Les tenants du BDS [3] avaient tenu à distribuer à l’entrée aux spectateurs un fascicule d’information sur leur mouvement. Ils y ont d’abord généreusement écrit « M. Mouawad est un grand artiste qui a le courage d’aborder des questions difficiles dont celle de la Palestine » et « plusieurs d’entre nous irons au spectacle », pour ensuite le blâmer d’avoir reçu À PARIS le soutien de l’ambassade israélienne de France pour le transport aérien des artistes israéliens. Sa réponse « que c’était là une pratique régulière dans le théâtre, rien de plus » ne les a pas satisfaits.

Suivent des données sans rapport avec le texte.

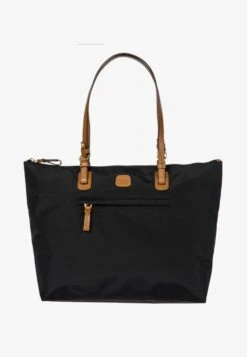 Bric's Handtasche - Geranium 13 Bric's Handtasche - Geranium -Bric's d585cf30b55c475eb80e03314ce6395b 1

Le BDS insinue que l’appui israélien range la pièce dans la campagne de propagande internationale Brand Israël aussi appelée Hasbara.
Les Artistes pour la Paix s’étaient divisés dans le passé entre une faction (mon ami Martin Duckworth) appuyant Roger Waters, musicien-auteur de The wall (Pink Floyd), dans son appui inconditionnel et celui d’autres artistes à BDS. Mais informés de la controverse qui avait opposé le mouvement, hélas parfois sectaire, à la veuve d’Edward Saïd proche de Daniel Barenboim et de son West-Eastern Divan Orchestra formé de musiciens palestiniens et israéliens (le chef avait eu le courage de prendre aussi la nationalité palestinienne), nous avions soutenus ces derniers, ainsi que l’écrivaine Margaret Atwood allant recevoir en Israël contre les objurgations de BDS un prix universitaire [4] : la présidente honoraire de PEN international avait utilisé une partie de sa bourse pour défendre l’environnement des oiseaux (la pièce dont on parle s’intitule : « tous des oiseaux »), en ne manquant pas, lors de ses contacts avec les autorités, de dénoncer le rationnement discriminatoire israëlien de l’eau, rendue d’année en année moins accessible aux Palestiniens.
Dans cette nouvelle production de l’institution parisienne que Wajdi Mouawad dirige, le Théâtre de La Colline, on salue les saillies d’humour inédites qui nous permettent de mieux accueillir la tension dramatique de l’œuvre, tout en reconnaissant les thèmes fondamentaux de l’auteur d’Incendies, quête des origines et secret familial à la clé, qu’on voit évidemment venir. Sa complicité de Libanais avec le sort inadmissible des Palestiniens, surtout ceux massacrés dans Sabra et Chatila dont la pièce entretient le douloureux et macabre souvenir, est nécessaire, indispensable à l’humanité pour la rendre moins impitoyable face aux souffrances de ce peuple, même les extrémistes de Gaza.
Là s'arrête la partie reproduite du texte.